Scheherezade: 5 reasons for a ‘partwork’ approach to documentary film construction

Scheherezade: 5 reasons for a ‘partwork’ approach to documentary film construction
Principal dancers Maelle Roger and Cate ‘Caasi’ Brick discuss the choreography of ‘Scheherezade’.

‘So I guess we’ll see something of the video in about a year’s time, when you’ve had time to trawl through all the footage,’ one of the dancers from the Company of Dreams asked me at the afterparty for the last performance of Scheherezade in their current tour, that ended on 4th November 2018.

I remember thinking ‘I blooming well hope not, I need to get something out there to generate more work…’ and that got me thinking about the best way to put this documentary together, to strike the right balance between perfection and well… striking while the iron’s hot, and connecting with dancers and the audience, while the show is still fresh in people’s minds.

As part of expanding my skill base from photography to video, I’ve been following Company of Dreams, an Oriental dance company for a few months on their latest tour, a fairytale show combining a riveting and fiery drama of death, violence, with sweeping pirouettes, shimmies, and dramatic lifts.

I’d reconnected with director of the company, Charlotte Desorgher, out of the blue, a few months before, while we were queuing up to buy a train ticket in London Bridge station. I’d met her briefly years before, when I was still bellydancing with Anaconda, a fusion dance troupe, but had lost touch when I stopped dancing. She told me about Scheherezade, and I was intrigued. I love dance combined with a good story. I looked her up and asked if she would be interested in a documentary video of the show.

Ever since I’d played the role of a vampirical Creature of the Night in a theatrical show, Brides of Dracula, with Anaconda, I’d been struck by the colossal amount of work and effort everyone put in to create a successful dance show, and that after the last show, ‘poof!’ – it’s all gone, fading to nothing in a blink of an eye, behind a trail of discarded plastic cups and chocolate wrappers and sweat-stained costumes covered with streaks of make-up.

I remember experiencing an emotional crash after the shows were over, and being hungry for photos and videos, so I could experience the show from the point of view of a spectator rather than as one of the dancers. We were fortunate that our show was filmed, but it was nearly a year before we got to see it, and by then we’d all moved on. I just wished we had been able to see some of the footage sooner.

So for Scheherezade, I’ve decided to take a modular approach to producing this documentary, and to release the rough drafts section by section (not necessarily from the beginning, either).

So why am I taking this approach?

Getting the best story possible:
I’m looking for comments from viewers on what they’d be most interested to find out about the dance show – what topics would they like to see covered, both from a dancer’s and a non-dancer’s perspective. I’ll also use these to tweak and correct the videos as necessary.

I have a rough outline and storyboard of the documentary, but I haven’t decided 100% how to structure it yet, and at this stage I still have the opportunity to shape the interview with Charlotte, and any other dancers who opt to be interviewed.

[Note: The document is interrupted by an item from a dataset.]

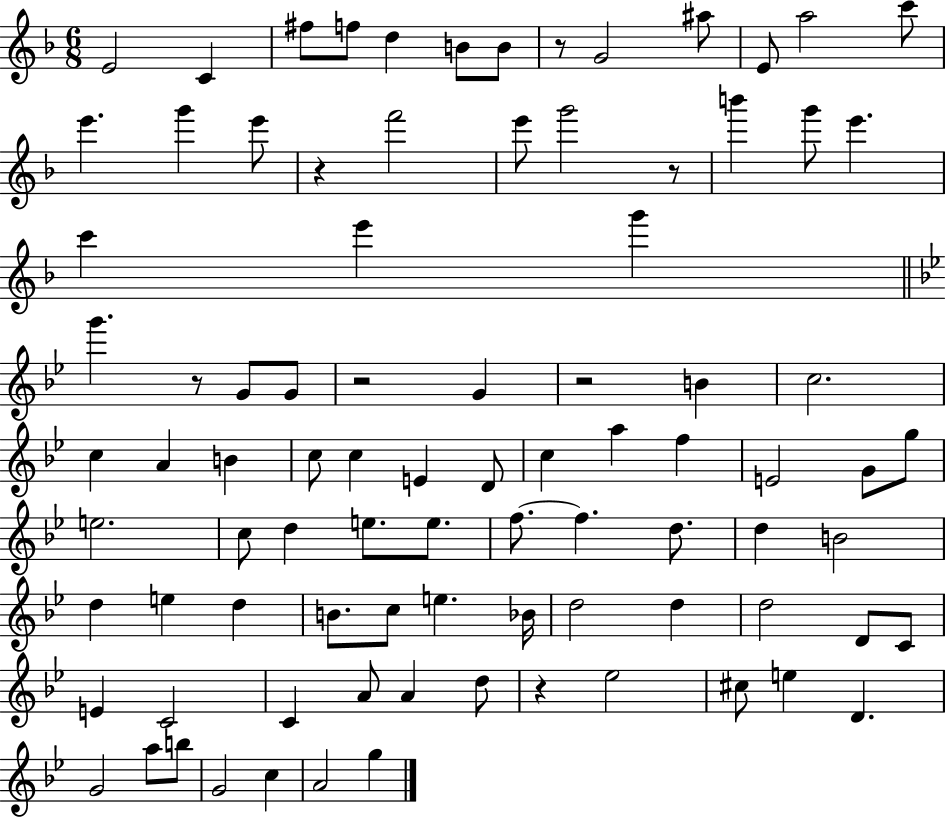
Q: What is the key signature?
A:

These interviews will be the glue that binds the story together.

Faster and wider audience engagement:
In addition to reaching more people more quickly about what video services I can offer, this method also gives the Company of Dreams troupe faster and wider exposure as well. They’re already planning their next show, so follow them now, to stay in the loop and learn more about them. You’ll find the link to their site at the end of this blog post.

Arts Council England funding:
Company of Dreams works hard to promote their dancers, but dance shows don’t come cheap. They cost an arm and a leg to put together, and they rely heavily on funding from ACE (Arts Council England). This is a prime reason for taking on a videographer, as video can play a vital role in securing funds for future shows, and should be factored into the budget if possible.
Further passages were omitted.